> I was under the impression that z/VM 5.2 now allowed native use of
SCSI
> DASD, which I assummed also ment SCSI TAPE. 

Nope -- that's why I'm pushing this issue. zVM 5.2 supports only FBA
(9336) emulation (which limits use of SCSI disk to VM, Linux and VSE),
and no SCSI tape support at all for CMS or CP use. SCSI tape is
supported only for direct Linux guest attachment, and TSM and DDR don't
support backing up CMS minidisks to Linux-attached tape. Neither does
VM:Backup or HIDRO. 

> In my case, I'm in the process of cost justifying an IBM VTS/3494
> setup.  That is virtual enough for our requirements (high capacity,
fast
> transfer and no Operations).
> I've been wanting virtual tape for over 5 years now.  That is a decent
> virtual tape (the MP3000 emulated tape just wasn't so good for
writing).
>  And VSE Virtual tape over the network (10 mbs network speeds), didn't
> pan out either (didn't help that Dynam didn't really support them
well).
>  But we have a Linux project that has the added justification of a
tape
> upgrade.  Just can't backup 4 TB with our bus and tag IBM 3490A/B
> drives.

You are aware that you can't use a channel-attached 3494 or VTS from
Linux w/o getting some other OS to handle the tape mounts, and that IBM
does not currently supply ANY support for the library devices (see our
tape mount daemon for a way around that) in Linux? And that if you
SCSI-attach some drives in the 3494, you can't use them from the
non-SCSI aware OSes (the controller boards on the drives are physically
different)?  

Partitioning ATLs is a royal PITA both technically and operationally.

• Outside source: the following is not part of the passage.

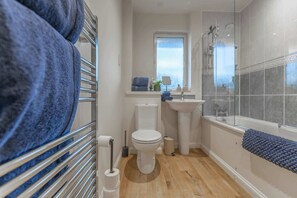 Shower, hair dryer, shampoo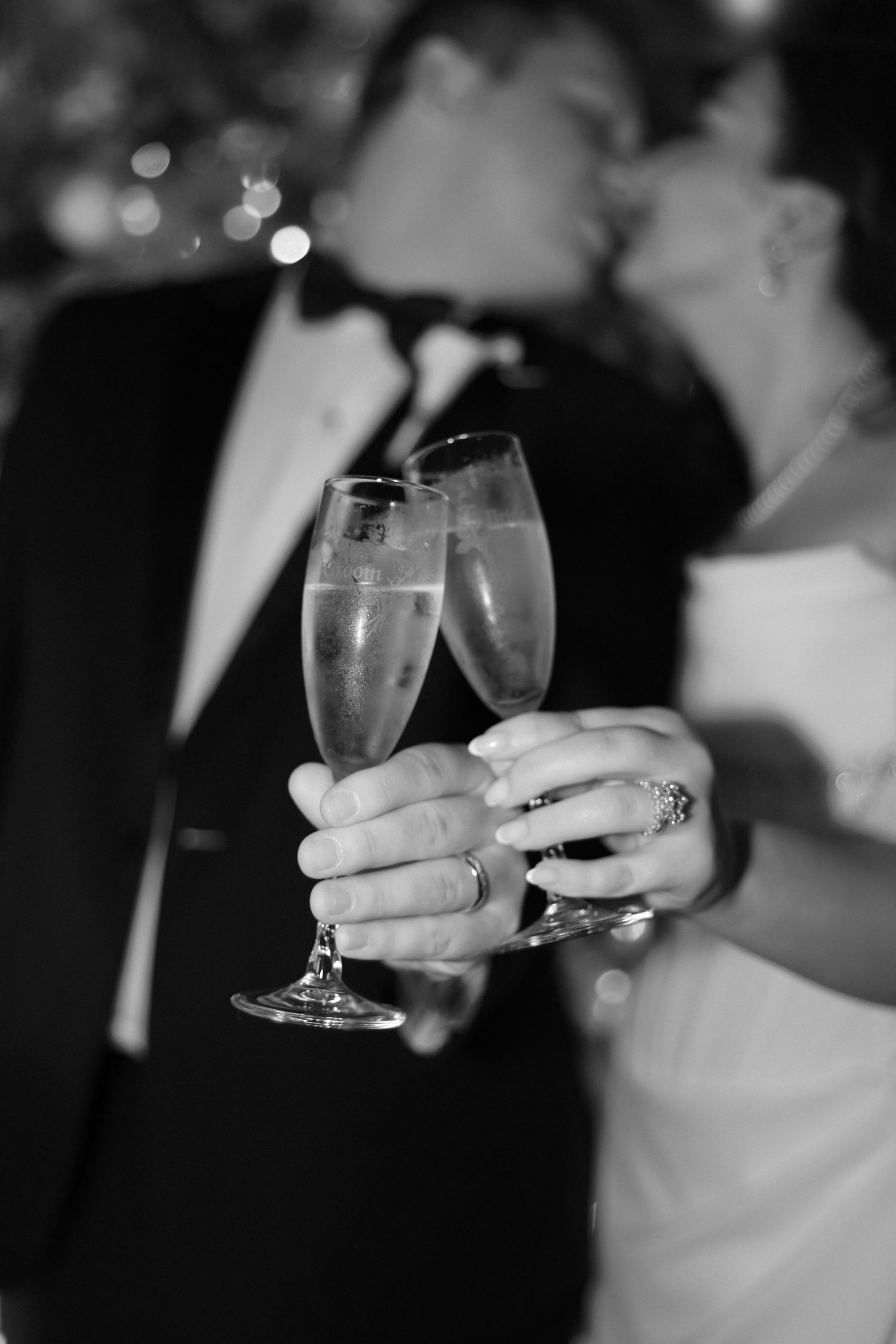 Black and white image showing hands holding champagne glasses during a celebratory toast at an event.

> But back on the origional topic, I would gather that larger shops
> already have solved their tape problems with a robotic setup (perhaps
> with VTS).  The small shops (P/390 and Flex/ES shops), already have
> their solutions.  It is the mid size shops that may be able to
> influnance the use of the resources to have emulated tape on disk.

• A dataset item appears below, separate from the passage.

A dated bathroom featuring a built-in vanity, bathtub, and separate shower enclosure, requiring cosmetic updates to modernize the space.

It's actually surprising how many of the larger shops are facing power
or space restrictions. Adding a new ATL just because the Z can't deal
with the one they already have is a show-stopper in many
places...wouldn't it be an easier case to make if the new ATL you're
talking about buying could be used directly by both Z and open systems
w/o reconfiguration? Or you could use the big SDLT or LTO libraries you
already own on the open systems side?

As you say, the flex folks have a solution -- emulated tape. The large
folks actually don't have a good answer (or don't care), and the midsize
folks are (as usual) stuck in the middle.